State null \(H_0\) and alternative \(H_a\)
Choose significance level \(\alpha\) (commonly 0.05)
Compute test statistic
Find p-value or compare to critical value
Reject \(H_0\) if p-value \(< \alpha\)

Choosing a Test

flowchart TD
    Q["What are you testing?"] --> Means["Comparing means"]
    Q --> Prop["Comparing proportions"]
    Q --> Fit["Goodness of fit /<br/>independence"]
    Means --> KnownSig{"σ known?"}
    KnownSig -->|Yes| Z["Z-test"]
    KnownSig -->|No| Samples{"How many<br/>samples?"}
    Samples -->|1 or 2| T["T-test"]
    Samples -->|3+| ANOVA["ANOVA (F-test)"]
    Prop --> ZProp["Z-test for<br/>proportions"]
    Fit --> Chi["Chi-squared test"]
    style Q fill:#2563eb,color:#fff,stroke:none
    style Means fill:#7c3aed,color:#fff,stroke:none
    style Prop fill:#7c3aed,color:#fff,stroke:none
    style Fit fill:#7c3aed,color:#fff,stroke:none
    style KnownSig fill:#6b7280,color:#fff,stroke:none
    style Samples fill:#6b7280,color:#fff,stroke:none
    style Z fill:#16a34a,color:#fff,stroke:none
    style T fill:#16a34a,color:#fff,stroke:none
    style ANOVA fill:#16a34a,color:#fff,stroke:none
    style ZProp fill:#16a34a,color:#fff,stroke:none
    style Chi fill:#16a34a,color:#fff,stroke:none

Common Tests

Z-test: \(z = \frac{\bar{x} - \mu_0}{\sigma / \sqrt{n}}\) — known population variance
T-test: \(t = \frac{\bar{x} - \mu_0}{s / \sqrt{n}}\) — unknown population variance, small sample
Chi-squared test: \(\chi^2 = \sum \frac{(O_i - E_i)^2}{E_i}\) — goodness of fit, independence

Type I & Type II Errors

	\(H_0\) True	\(H_0\) False
Reject \(H_0\)	Type I Error (\(\alpha\))	Correct
Fail to reject \(H_0\)	Correct	Type II Error (\(\beta\))

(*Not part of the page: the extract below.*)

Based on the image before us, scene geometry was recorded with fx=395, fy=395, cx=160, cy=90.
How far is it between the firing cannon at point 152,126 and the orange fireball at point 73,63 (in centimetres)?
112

Power: \(1 - \beta\) — probability of correctly rejecting a false \(H_0\)

Central Limit Theorem

For a sample of size \(n\) drawn from a population with mean \(\mu\) and standard deviation \(\sigma\):

\[\bar{X} \sim N\left(\mu, \frac{\sigma^2}{n}\right) \text{ as } n \to \infty\]

The sampling distribution of \(\bar{X}\) approaches normal regardless of the population distribution, provided \(n\) is sufficiently large (typically \(n \geq 30\)).

This cheatsheet covers probability fundamentals, descriptive statistics, common distributions, expected values, confidence intervals, hypothesis testing, and the central limit theorem.